In his essay “Resistance to Civil Government,” Henry Thoreau writes that we are like plants in that we need freedom, warmth and nourishment to thrive, and he excoriates the governmental entities that often rob us of those life-sustaining needs. Thoreau doesn’t say much, though, about expressing gratitude toward those individuals and groups who have given us what we need to succeed.

Similarly, I’m quick to think and write about, say, the worst English teacher I’ve ever had—a man I detested—but slower to acknowledge all the good and great English teachers I had before and after him, from my own mother, who taught me to read, and my sister, who taught me to write (left-handed, though I’m a natural righty) to numerous colleagues who taught me many things about teaching English and living life throughout my career in public education.

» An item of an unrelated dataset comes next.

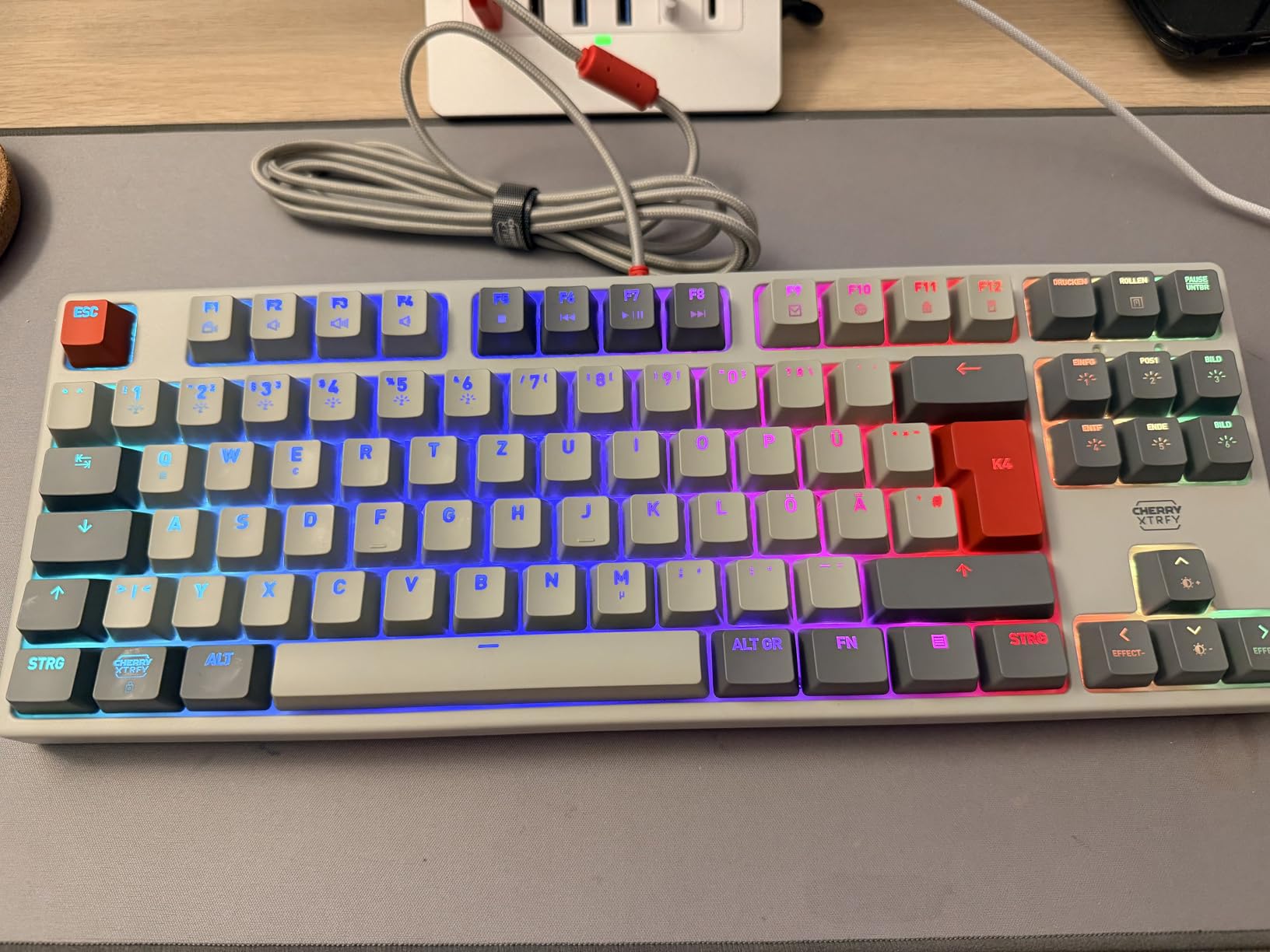 Top Tastatur fürs Geld!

It wasn’t coincidental that my best high school English teacher immediately followed my worst teacher. She wasn’t my favorite simply because she was young, pretty and nice, while he had been old, ugly and mean. It wasn’t because she introduced me to the writings of the famous novelist who later became my mentor through our correspondence of about 10 years. She had me with her first note on my first essay.

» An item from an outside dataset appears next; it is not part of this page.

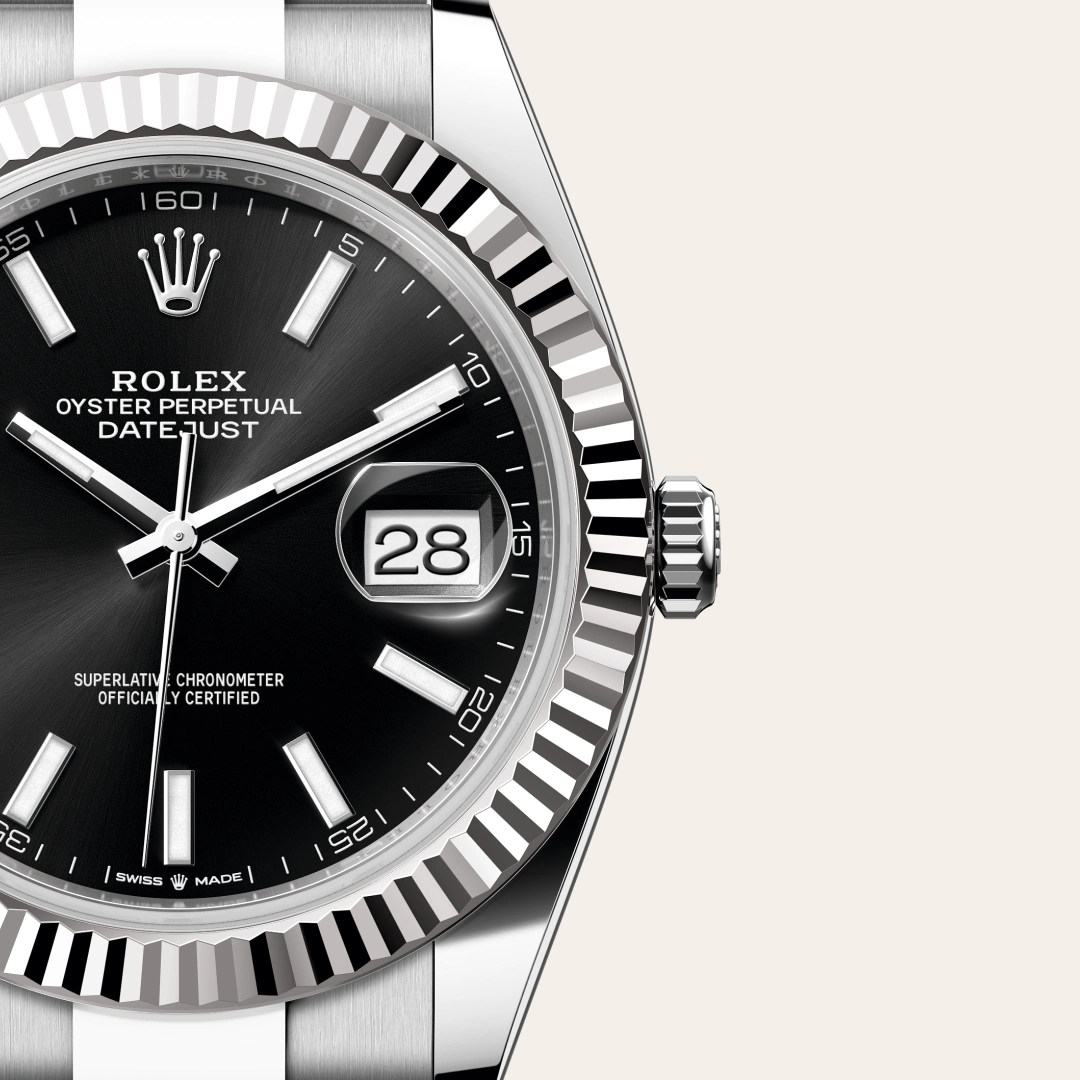 Datejust 41 Datejust 41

On the first day of class that junior year, she asked us “advanced” students (which now included, again, my friend who had been kicked out of the mean teacher’s class the previous year) to take out one clean sheet of notebook paper and our freshly-sharpened #2 pencils, and to take the next several minutes—I forget exactly how long—to introduce ourselves to her. I think I wrote one paragraph, maybe two.

When she returned my paper the next day, her cursive notation below my writing began: “Rahn, you express yourself well in writing.” One other short comment gave me assurance not to worry about a specific concern that I had expressed in my paragraph.

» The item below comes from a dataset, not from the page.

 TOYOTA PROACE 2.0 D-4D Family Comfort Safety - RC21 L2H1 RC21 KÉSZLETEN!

I didn’t take that paper home and tape it to the refrigerator door, and if I saved it, I haven’t seen it again since I cleaned out my locker at the end of that school year well over four decades ago. I don’t need that sheet of paper, though, because I’ve always remembered that first sentence of encouragement word for word. It’s the first thought that comes to mind when I doubt myself as a writer.

So why didn’t I write about that beautiful teacher—whose guidance and encouragement I came to love—before I wrote about the English teacher I hated? I have told her in person how important she was to me, but it took me years to do so.

Without getting into an analysis of ever-changing cultural values and societal pressures, the words hate and love aren’t used in the same way to express the opposing passions they’re supposed to symbolize. In retired English teacher terms, which is how I think about almost everything now, the difference has to do with the person or perspective, as in first-person, second-person or third-person point of view.

We’re much quicker to say, “I hate him,” or “I hate Donald Trump,” or “I hate Hillary Clinton,” all of those sentences with third-person objects, than we are to say, “I love you,” in the second person.

Isn’t it always easier to express antipathy toward someone when they’re out of earshot than it is to state our affection directly to the people we love, especially to those who might be unpopular or difficult to openly adore? I think so.

And that doesn’t even take into consideration the diluted meanings of those two overused words—hate and love—which range from one jalapeno pepper to five habaneros on the red-hot chili pepper passion meter. I might say in jest, “I hate you,” to an enviable friend, or, “I just love that lying scoundrel,” after watching a late-night monologue. And you know exactly what I mean.

It ain’t easy to speak English good so’s your always understood. [sic]

So maybe I need to keep things simple. And maybe I need to learn how to say, “I love you,” as quickly as I can say, “I hate him.” Maybe some of the people I love need to be assured of my affection, sooner rather than later.

And maybe I don’t need to say, “I hate him,” at all, even if that’s how I feel. Why not? Because he won’t hear me, anyway, not unless I’m brave enough to say it to his face.

It’s one thing to speak the truth. It’s another thing to be heard.